Data supplied: Begin

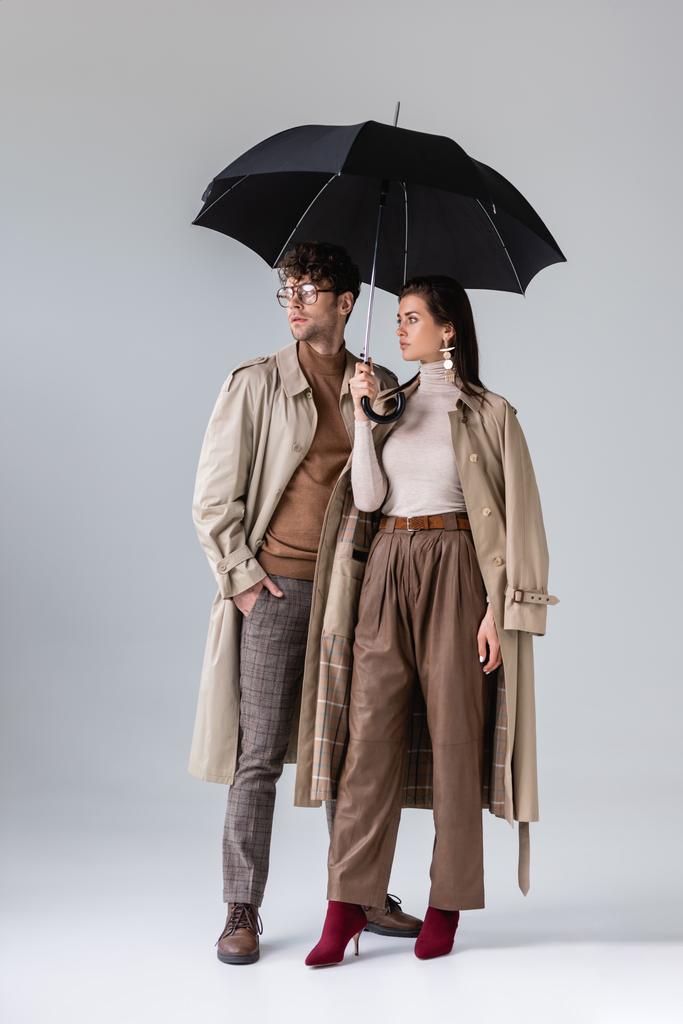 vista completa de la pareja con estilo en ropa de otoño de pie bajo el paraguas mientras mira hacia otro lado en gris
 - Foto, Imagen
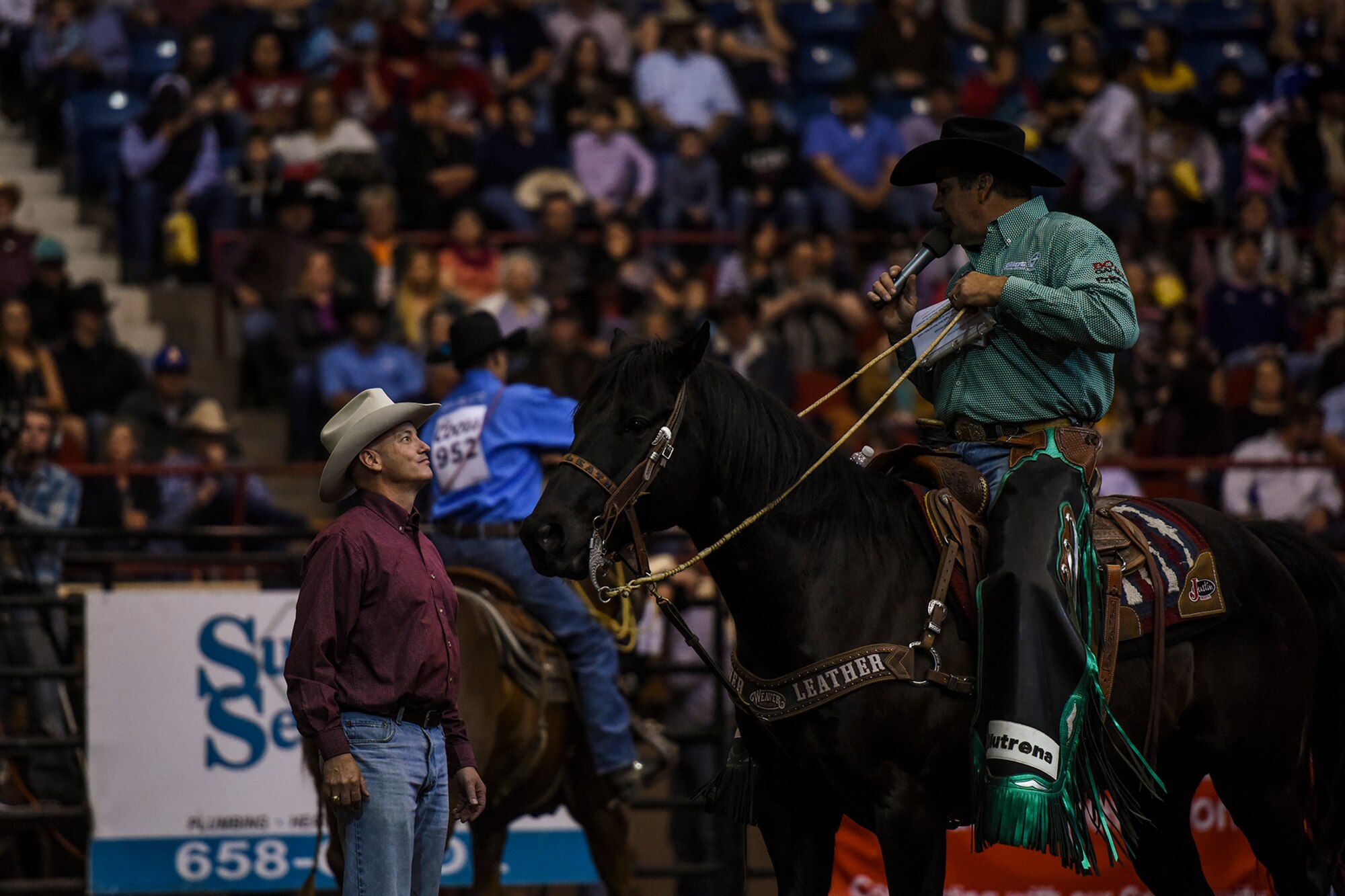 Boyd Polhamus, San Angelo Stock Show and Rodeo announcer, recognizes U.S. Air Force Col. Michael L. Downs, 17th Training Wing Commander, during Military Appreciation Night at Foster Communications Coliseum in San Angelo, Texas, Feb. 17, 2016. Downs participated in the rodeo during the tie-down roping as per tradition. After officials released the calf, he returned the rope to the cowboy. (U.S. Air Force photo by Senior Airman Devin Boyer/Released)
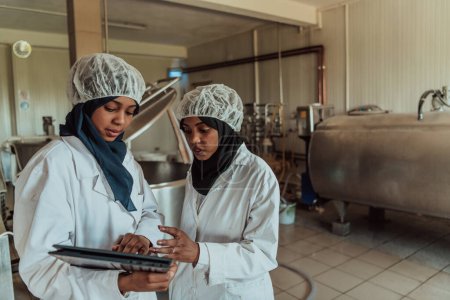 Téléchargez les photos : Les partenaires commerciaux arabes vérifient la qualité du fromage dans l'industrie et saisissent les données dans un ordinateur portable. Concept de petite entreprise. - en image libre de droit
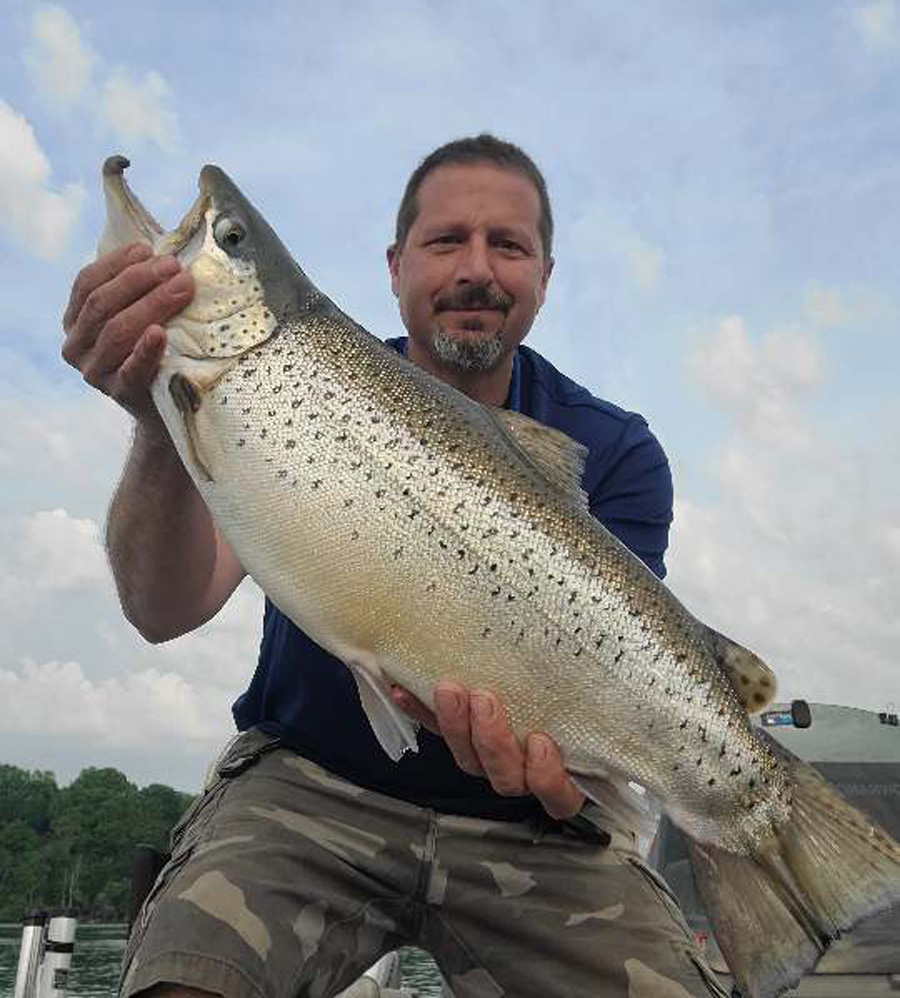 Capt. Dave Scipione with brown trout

Data supplied: End

- **Problem description**
Pictures are to be left out. Everything else in the records must be written out exactly.

- **Response box**
 vista completa de la pareja con estilo en ropa de otoño de pie bajo el paraguas mientras mira hacia otro lado en gris
 - Foto, Imagen
 Boyd Polhamus, San Angelo Stock Show and Rodeo announcer, recognizes U.S. Air Force Col. Michael L. Downs, 17th Training Wing Commander, during Military Appreciation Night at Foster Communications Coliseum in San Angelo, Texas, Feb. 17, 2016. Downs participated in the rodeo during the tie-down roping as per tradition. After officials released the calf, he returned the rope to the cowboy. (U.S. Air Force photo by Senior Airman Devin Boyer/Released)
 Téléchargez les photos : Les partenaires commerciaux arabes vérifient la qualité du fromage dans l'industrie et saisissent les données dans un ordinateur portable. Concept de petite entreprise. - en image libre de droit
 Capt. Dave Scipione with brown trout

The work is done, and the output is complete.